Following decades of ad hoc experimentation, concern about impending legal pollution control requirements in the 1950s spurred key gold industry players to get ahead of the curve to head off further regulation. Their individual efforts, primarily aimed at dust suppression, were quickly combined into an industry initiative located within the Chamber of Mines. This initiative became known as the Vegetation Unit. Well resourced and managed by a dynamic leader with horticultural training – William Cook – the Unit conducted large-scale and diverse experiments between 1959 and 1963 to come up with a planting and soil amelioration methodology. The initial results of this work were almost immediately published in an effort to publicise the industry’s efforts, although Cook cautioned that this was not a mature methodology and that continued research was required. The Chamber of Mines, however, was trying to head off pending air quality legislation and in 1964/65, the organisation publicly proclaimed the methodology as mature and ready for widespread application. With this decision, the Unit’s focus shifted to widespread application while its ability to advance the methodology scientifically effectively collapsed in the 1960s and early 1970s.

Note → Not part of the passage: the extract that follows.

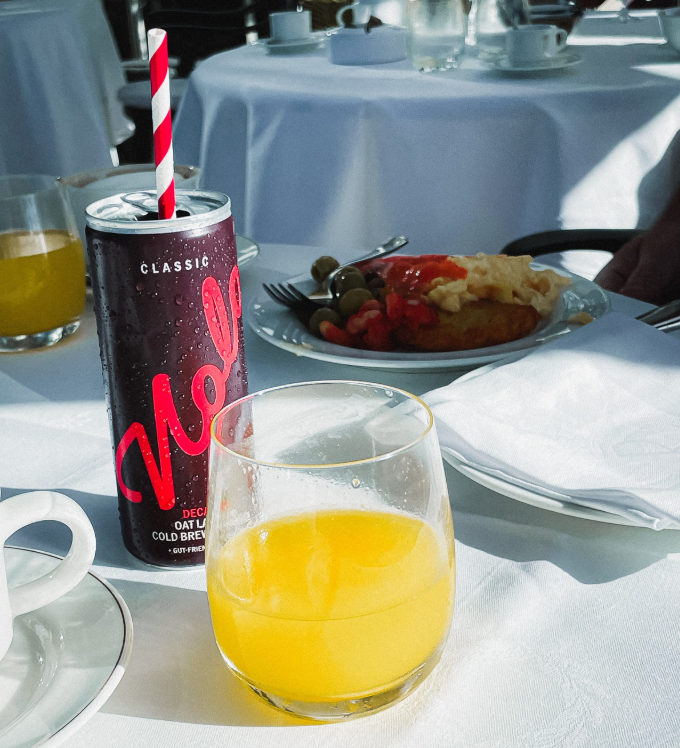Photo of Nolo Classic on a hotel breakfast table with glass of orange juice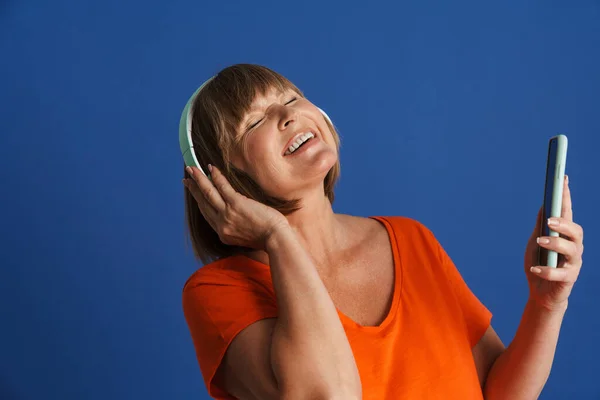 年长的金发女人一边听着音乐一边笑着 耳机被隔离在蓝色的墙上 — 图库照片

In addition to this shift of focus and resources to application rather than continued refinement, the Unit was constrained by non-technical and non-scientific factors: Key among them was the industry’s implicit belief, and hope, that a walk-away solution had been found. The Unit’s manager Cook stood alone in driving its application and refinement for most of his time in that position. In his day-to-day work, he lacked an industry peer with whom to discuss rehabilitation results and he compounded this isolation through limited interaction with academia until very late in his career. This isolation was amplified by the lack of relevant technical knowledge among the company representatives on the committee tasked with the oversight of the Vegetation Unit: As engineers, all of them lacked not only technical understanding of the botanical and ecological challenge, some even questioned the legitimacy of the Unit’s existence into the 1980s. In addition, the concentration of all rehabilitation efforts in this single entity structurally curtailed the individual mining companies’ interest in the advancement of the methodology, creating a further bottleneck. Indeed, as late as 1973, the key metallurgy handbook covered mine waste rehabilitation only for information purposes, specifically stating that this was the responsibility of the Chamber’s Vegetation Unit alone.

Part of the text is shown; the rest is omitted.